START Raw data
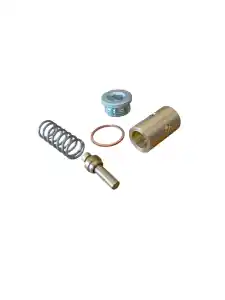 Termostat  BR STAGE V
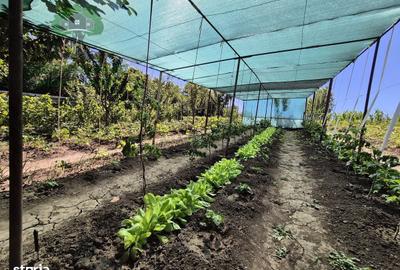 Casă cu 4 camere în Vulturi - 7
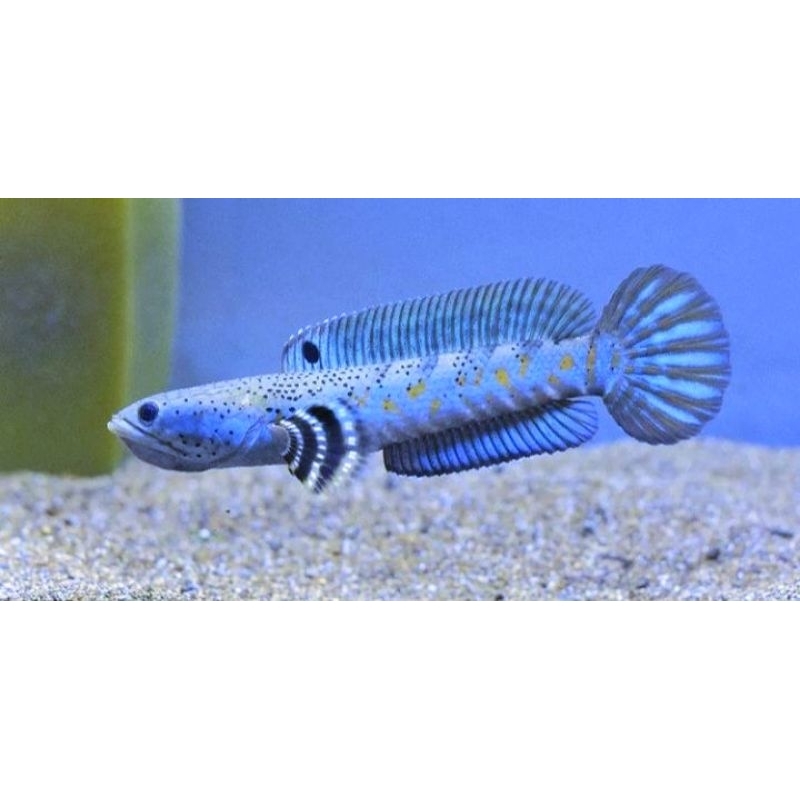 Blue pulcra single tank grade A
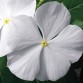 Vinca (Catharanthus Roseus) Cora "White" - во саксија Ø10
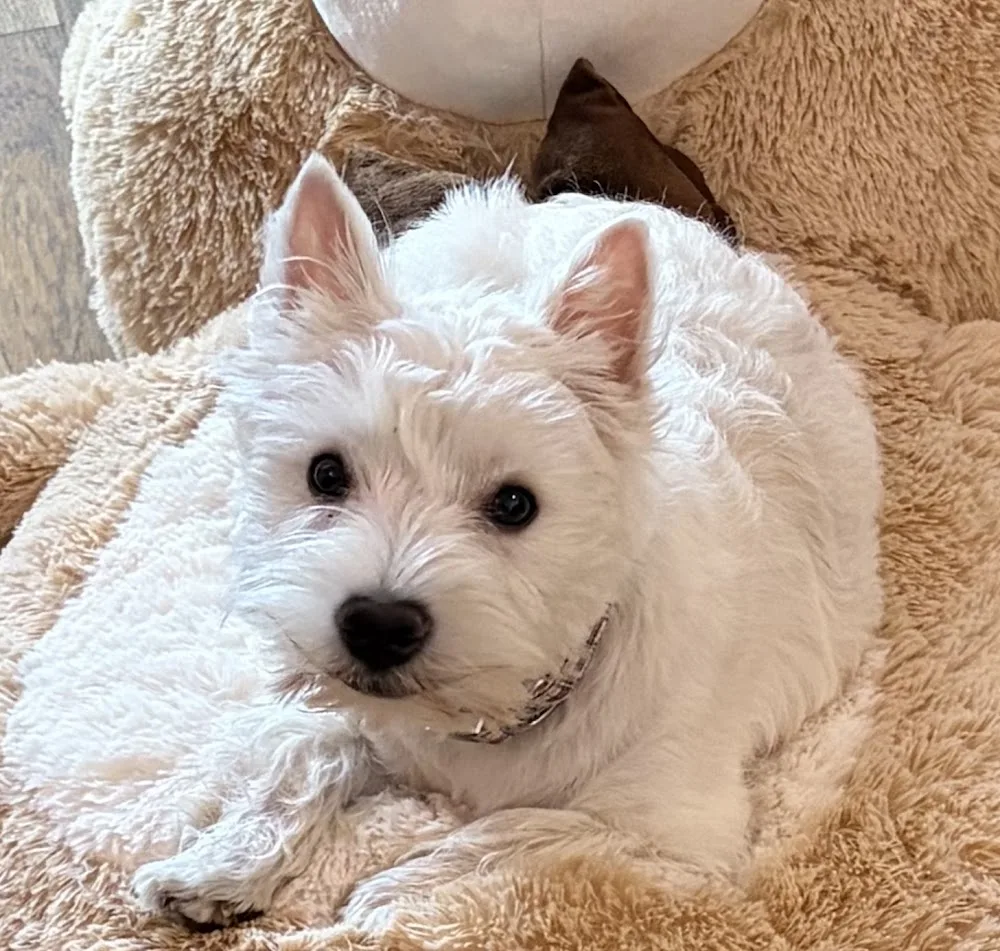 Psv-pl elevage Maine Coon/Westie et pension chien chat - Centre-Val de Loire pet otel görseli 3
END Raw data
**Requirement**:
For each record above, write it out exactly and omit any picture.

**Expected output**:
 Termostat  BR STAGE V
 Casă cu 4 camere în Vulturi - 7
 Blue pulcra single tank grade A
 Vinca (Catharanthus Roseus) Cora "White" - во саксија Ø10
 Psv-pl elevage Maine Coon/Westie et pension chien chat - Centre-Val de Loire pet otel görseli 3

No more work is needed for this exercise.